Bitcoin dropped to a two-week low near $76,700 on May 18, part of a broader wave of crypto liquidations that swept through markets. The pullback comes just weeks after Bitcoin's fourth halving, which cut the block subsidy from 6.25 BTC to 3.125 BTC at block 840,000. For traders, the question isn't just how low the price goes — it's what kind of pullback they're seeing.
Four types of pullback
Market reports this week describe a slide that sent Bitcoin from the mid-$76,000 area to a fresh low, triggering liquidations across positions. The article breaks down Bitcoin pullbacks into four categories: routine corrections, leverage flushes, macro-driven risk-off moves, and early trend reversals. Each has a different cause and a different likely outcome. Routine corrections are the most common — they happen as momentum shifts and overextended positions unwind. Leverage flushes are sharper and faster, often catching over-leveraged traders off guard. Macro-driven moves come from outside crypto, like rate decisions or geopolitical shocks. Early trend reversals are the rarest and most dangerous, signaling that the larger uptrend may be breaking.

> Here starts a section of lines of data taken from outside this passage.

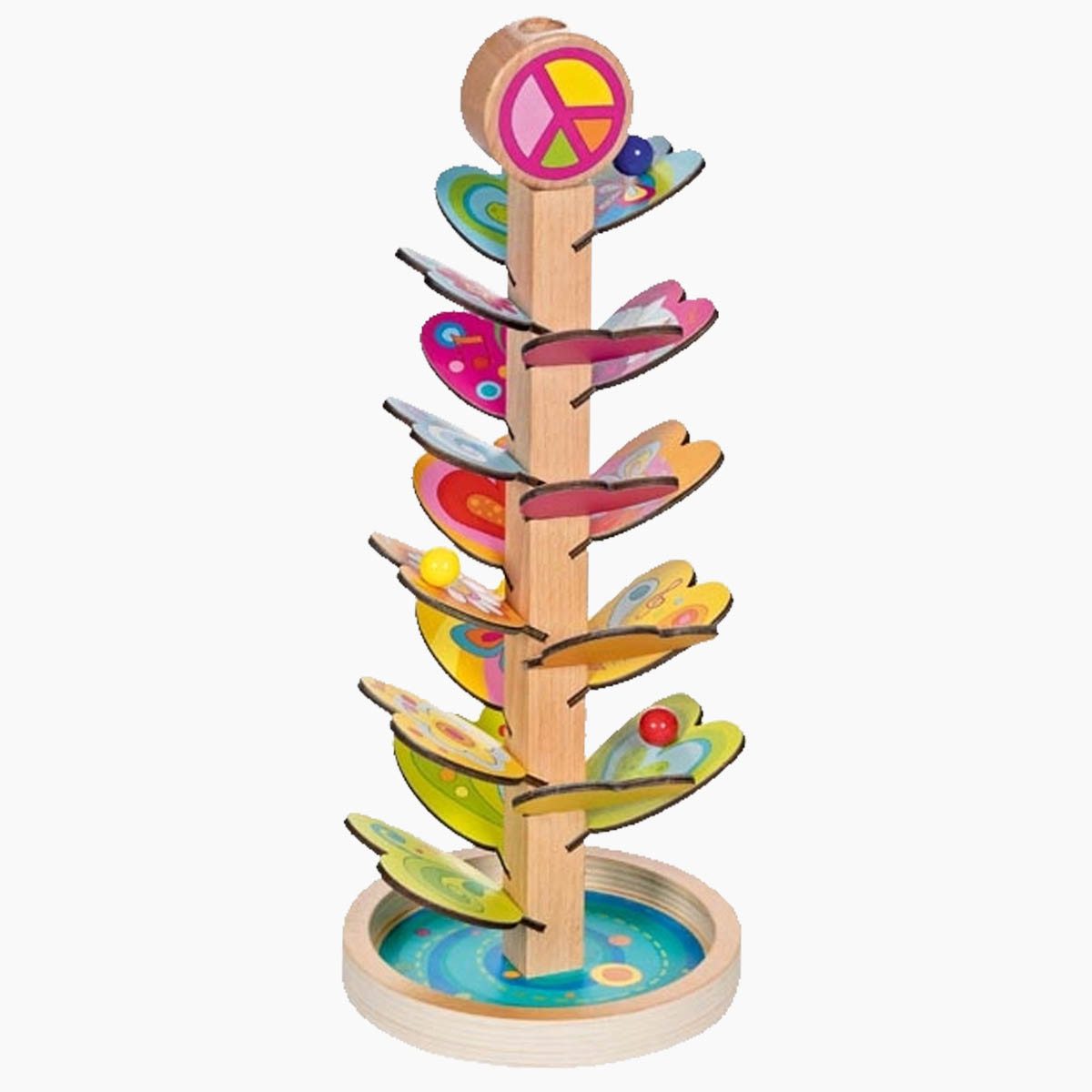 goki Spielzeug-Musikinstrument Murmelspiel Klangkaskade Sound, (packung, 4 tlg., set), Drei Glasmurmeln sorgen für den stimmigen Sound
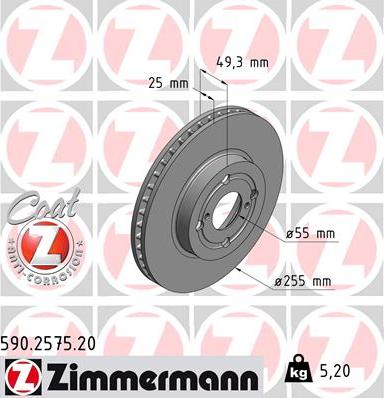 Zimmermann 590.2575.20 - Гальмівний диск autocars.com.ua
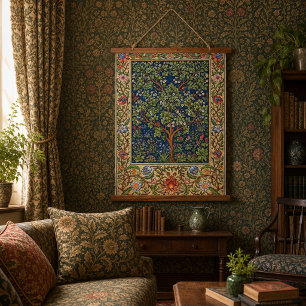 Retro-Blühender Baum von Dearle für William Morris Wandteppich Mit Holzrahmen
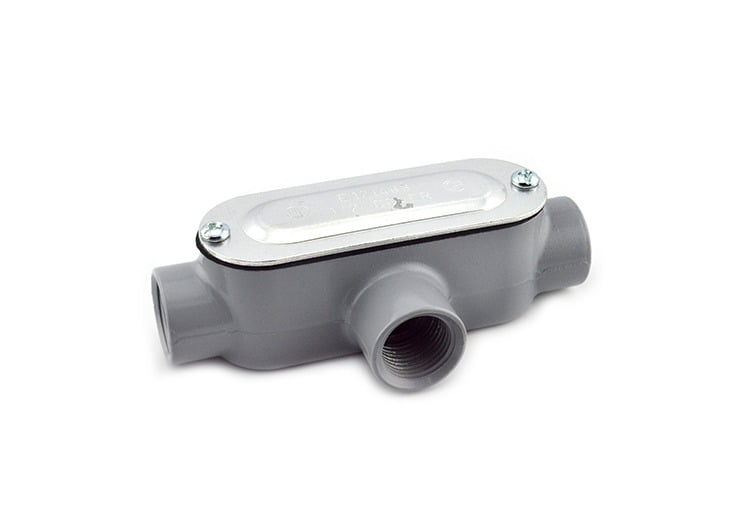 Rigid and IMC Conduit Body, Type T, Aluminum, Cover and Gasket, Size 1/2 Inch
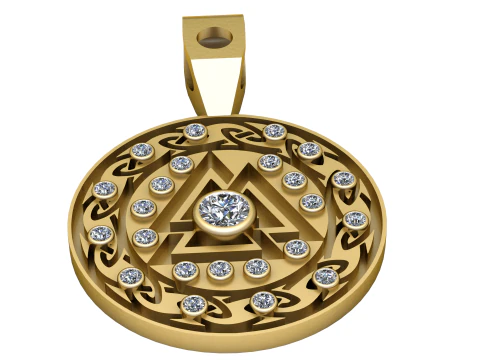 MODEL CETAK 3D LIONTIN KOIN DESAIN SEGITIGA Model Cetak 3D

What a healthy pullback looks like
The analysis also outlines what separates a healthy pullback from a destructive one. A healthy pullback removes excess leverage and overheated sentiment without breaking the underlying market structure. Key signal: spot buyers step in to absorb the dip. When that happens, the correction tends to be short-lived and the broader trend resumes. If spot buyers stay on the sidelines, the slide can deepen. Right now, it's too early to say which camp this week's move falls into — but the framework gives traders a checklist rather than a guessing game.
Halving context
The fourth halving adds a layer. With the block reward now 3.125 BTC, miners earn less per block, which changes the supply dynamics. In theory, that should make each Bitcoin more scarce over time, but it also puts pressure on miners who need higher prices to stay profitable. A pullback right after the halving isn't unusual — the market often takes time to find a new equilibrium after the supply shock. Whether this week's drop is a routine rebalancing or something more will depend on how quickly the dip gets bought.
For now, the key level to watch is that $76,700 mark. If spot demand appears there, it's likely a flush. If it breaks cleanly, the conversation shifts to whether the trend itself is at risk.